Prior to going on the trip, we spent time at different spots around the campus practicing our observation skills. We determined that making observations was an important inquiry skill. After each of our practice sessions, we discussed what it is we are actually doing when we observe.
Some of the tools we use when making observations include: looking at the big picture and the small picture, wondering and asking questions, looking with our eyes, listening to the sounds around us, making connections to what we know or have experienced, feeling with our heart, noticing any smells that catch our attention, and many more. The students came to the conclusion that when they observe, they are using their whole body. Their observations may be recorded with photos, drawings, words, and probably more that we have not discovered yet.
With this in mind, we were ready to go!
Our first stop was the Nu'uanu Reservoir #4. We met Kumu Aiu with the Board of Water Supply. He shared with us this beautiful and important part of our watershed.
One student made the connection: "I live in a watershed. We all live in a watershed!"
Another student asked, "Where is Nu'uanu Reservoir #1? I still want to know where it is." (She and a friend had been looking at Nu'uanu Valley on Google Earth, the day before our learning trip).
This is an old, above-ground, sand filtration pit. This water source used to supply the Nu'uanu community.
Kumu Aiu challenged the students to observe the forest and notice the invasive and native plants. He asked how many native plants they observed. We saw several canoe plants, but only 2 native plants - hau and koa. The students formed a circle to demonstrate the size of the koa trees in old Hawaii.
In her observation notebook, one student asked, "What happened to all the big koa trees?"
A quiet moment to observe the reservoir and the Board of Water Supply equipment. Here we heard the mo'olelo (stories) of the waterfalls at the top of Nu'uanu Valley. Much of our learning with Kumu Leong and Kumu Aiu is through mo'olelo and the lessons they teach. It is a powerful and enjoyable way of passing knowledge from one generation to another.

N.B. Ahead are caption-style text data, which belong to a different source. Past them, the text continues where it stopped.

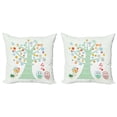 thumbnail image 1 of Ambesonne Cartoon Throw Pillow Cover 2 Pack, Romantic Owls in Love, 16", Mint Green Multicolor, 1 of 7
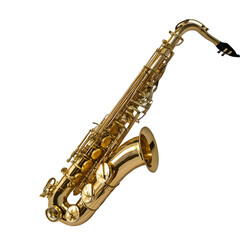Beautiful golden saxophone on white background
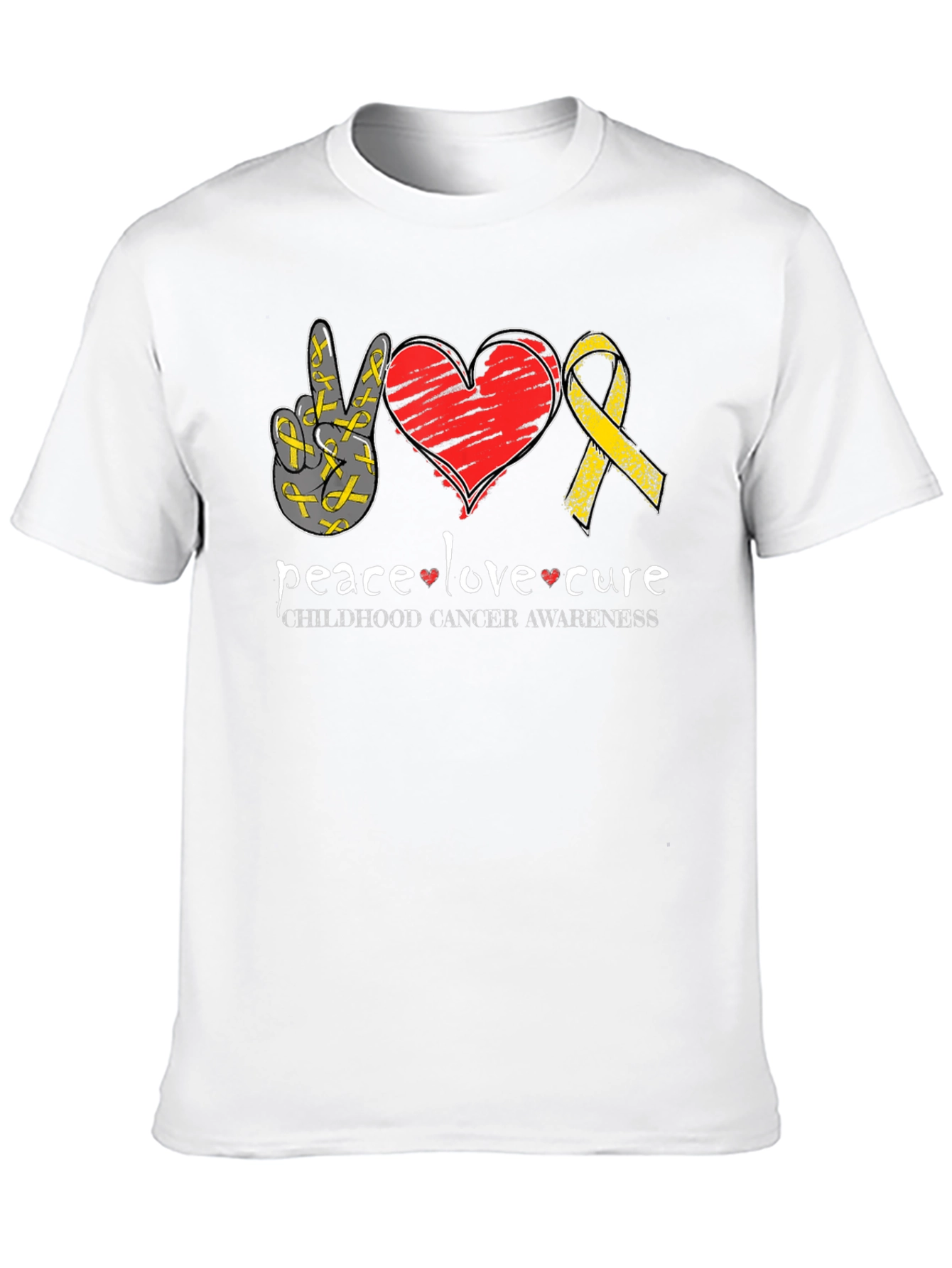 Peace Love Cure Childhood Cancer Awareness T-Shirt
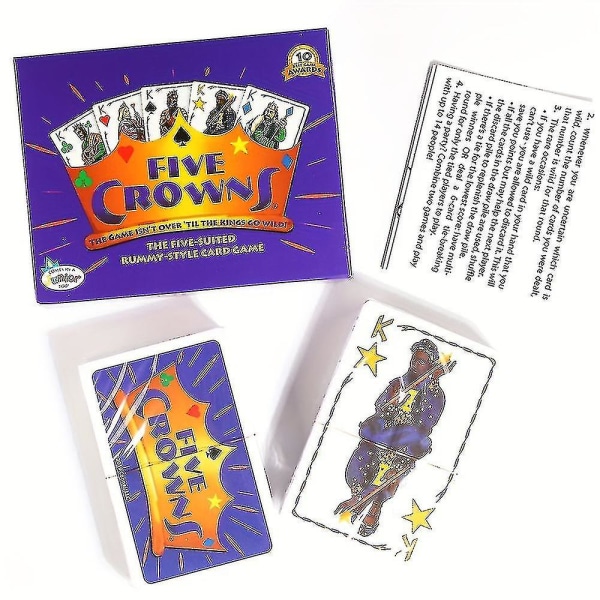 Five Crowns - Spelet är inte över förrän The Kings Go Wild! - 5 kortspel i rummy-stil - Klassiskt brädspel för familjefest - för åldrar över 8 år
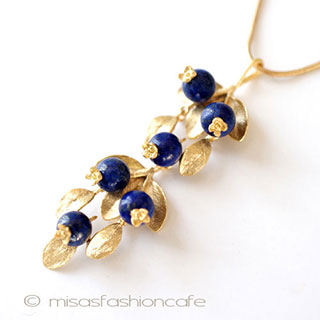 （画像用） マイケルミショー・ネックレス 24Kgpブルーベリー再販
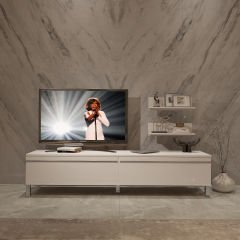Decoraktiv Eko 4 Mdf Std Krom Ayaklı Tv Ünitesi Tv Sehpası Parlak Beyaz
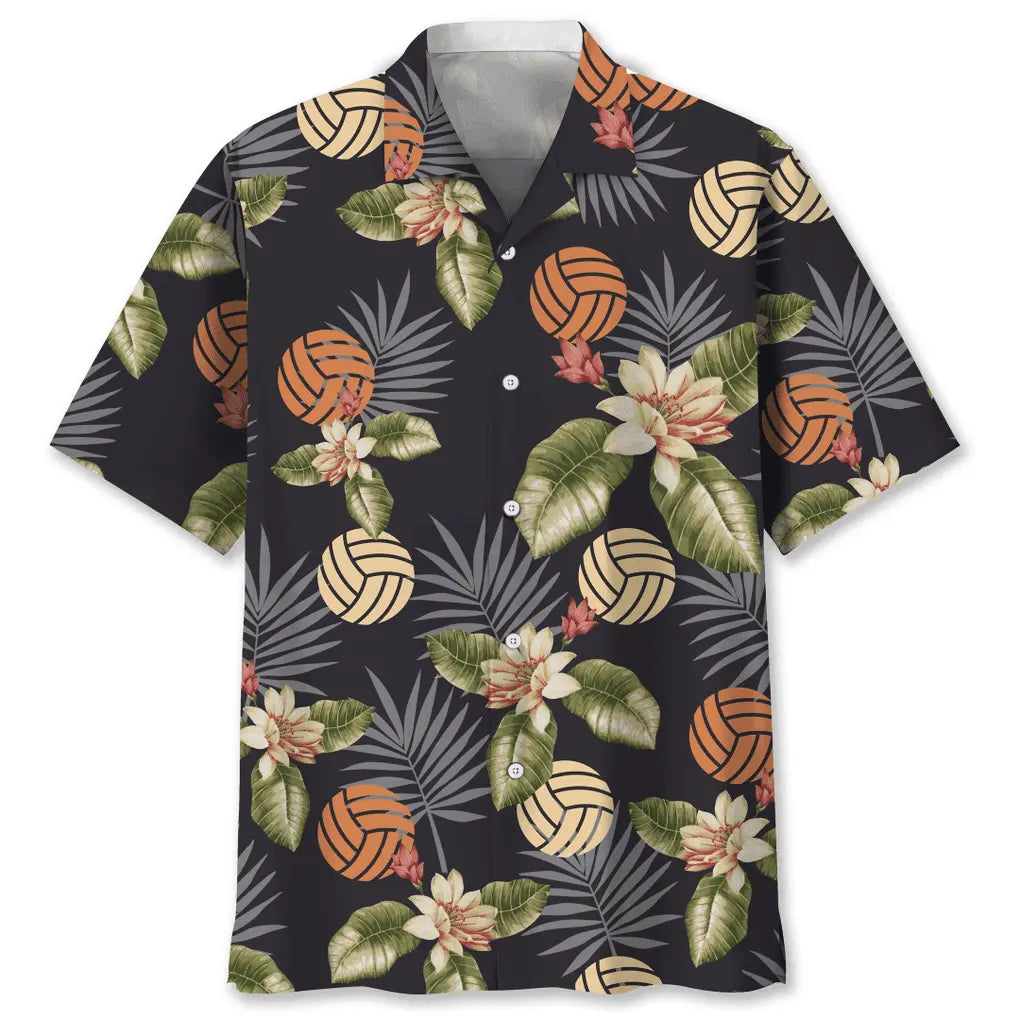 Tropical Volleyball Hawaiian Shirt For Summer Vacation, Beach Travel, And Casual Wear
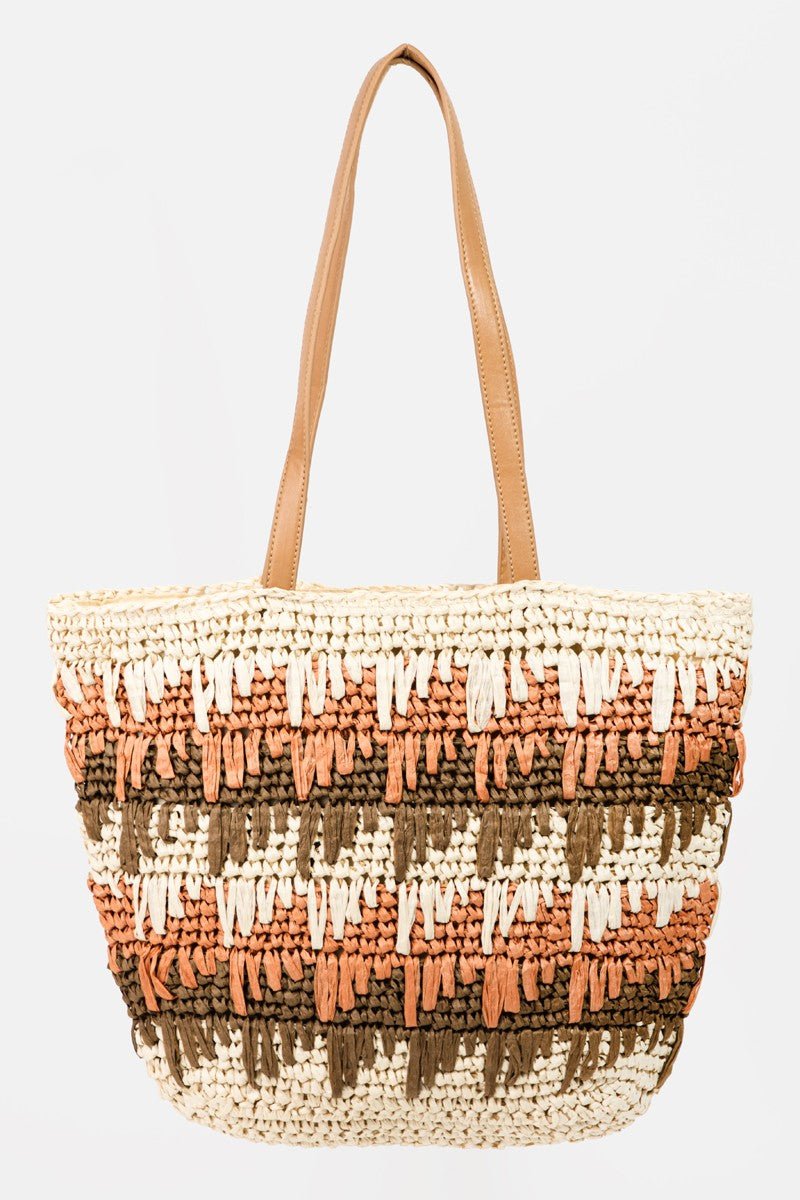 Fame Straw Braided Striped Tote Bag | Totes | 1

Next stop - Windward Mall and Kea'ahala Stream.
On the He'eia side of Windward Mall, we had the opportunity to observe this channelized stream up close. Many of the students noticed that there was rubbish in the canal and that it did not seem very clean.
Right next to the stream is this very unassuming patch of weeds (?). Actually, not weeds. This is a rain garden. It is designed to catch pollution, oil, and debris running off the mall parking lot into Kea'ahala stream. All of the plants in the garden are actually native plants that are very effective at filtering and cleaning the water that runs past them. This rain garden catches up to 90% of the pollution that would run into the stream from the parking lot.
One student wondered in his observation notebook: "The garden doesn't look like anything, but it is really strong. I wonder how it stops the pollution?"
Another student asked, "What if the garden didn't catch the pollution? What would happen to the stream and the fish?"
This is Kea'ahala Stream.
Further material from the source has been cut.